=== RECORDED DATA ===
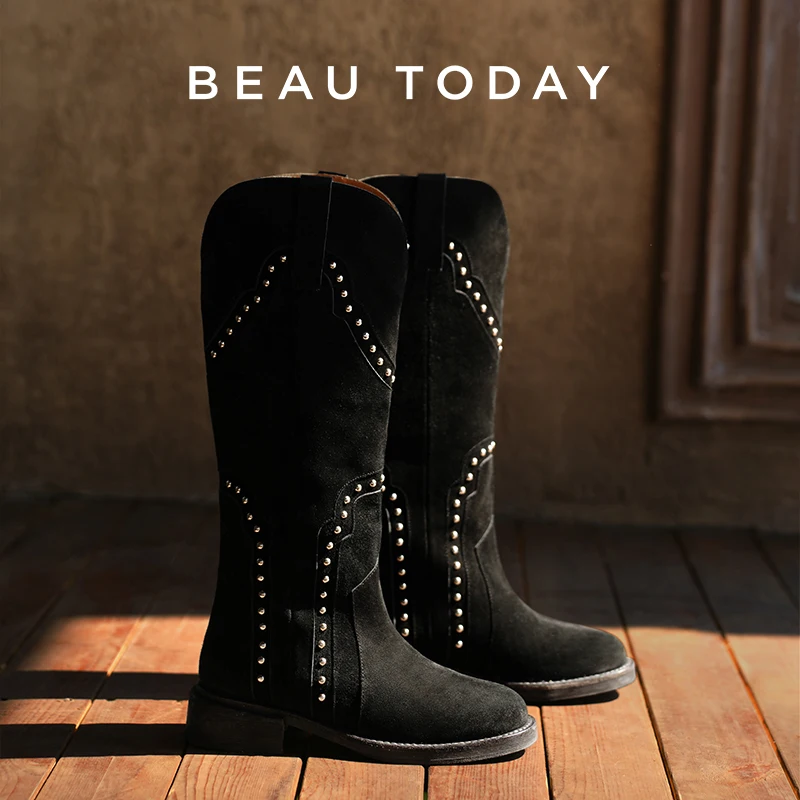 BEAUTODAY Long Boots Women Genuine Cow Suede Leather Sewing Round Toe Solid Color Slip-on Ladies Shoes Handmade 01225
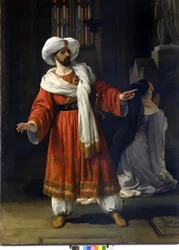 Giovanni David (Davide) tenor italiano em "Gli arabi nelle Gallie" de Giovanni Pacini (1796 - 1867). Pintura por Hayez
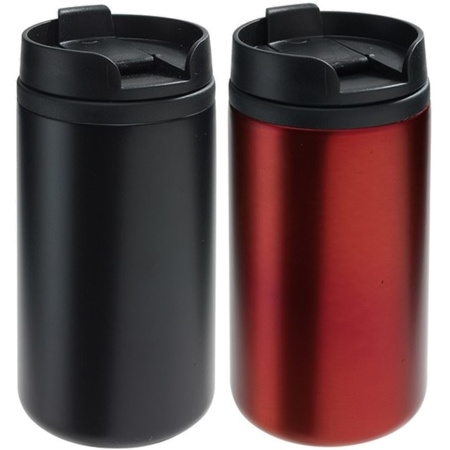 Set of 2x Thermos cups black and red 290 ml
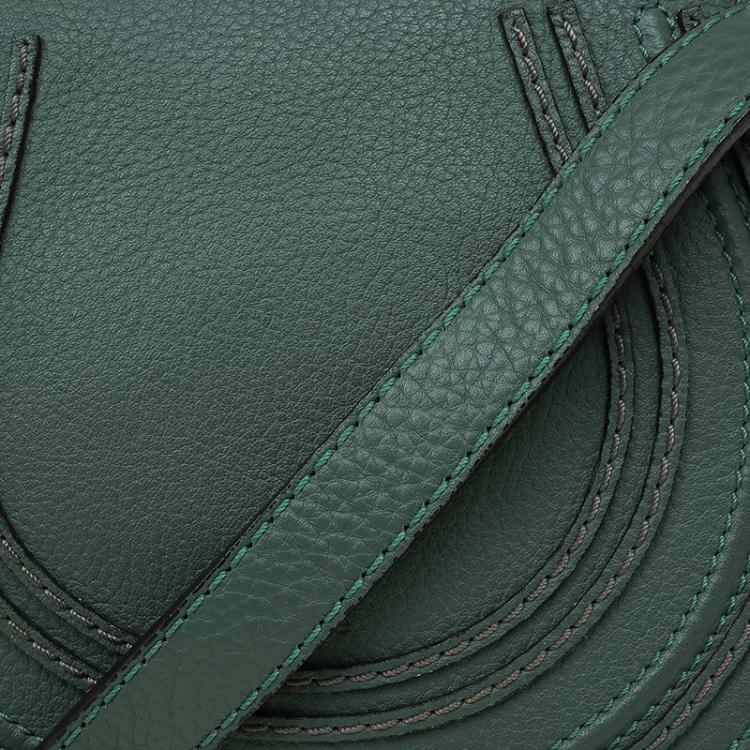 Pre Owned Chloe Green Leather Mini Marcie Crossbody Bag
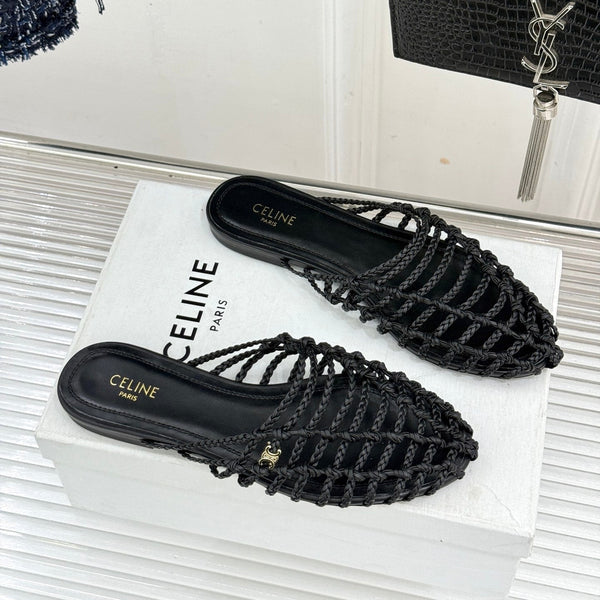 CE 26s Scoobie Braided Mules Black Lambskin 991451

=== WORK INSTRUCTIONS ===
Pictures are not part of the copy. Reproduce the lines from the one with "Giovanni David (Davide)" through the end of the listing above.

=== ANSWER TO THE PROBLEM ===
 Giovanni David (Davide) tenor italiano em "Gli arabi nelle Gallie" de Giovanni Pacini (1796 - 1867). Pintura por Hayez
 Set of 2x Thermos cups black and red 290 ml
 Pre Owned Chloe Green Leather Mini Marcie Crossbody Bag
 CE 26s Scoobie Braided Mules Black Lambskin 991451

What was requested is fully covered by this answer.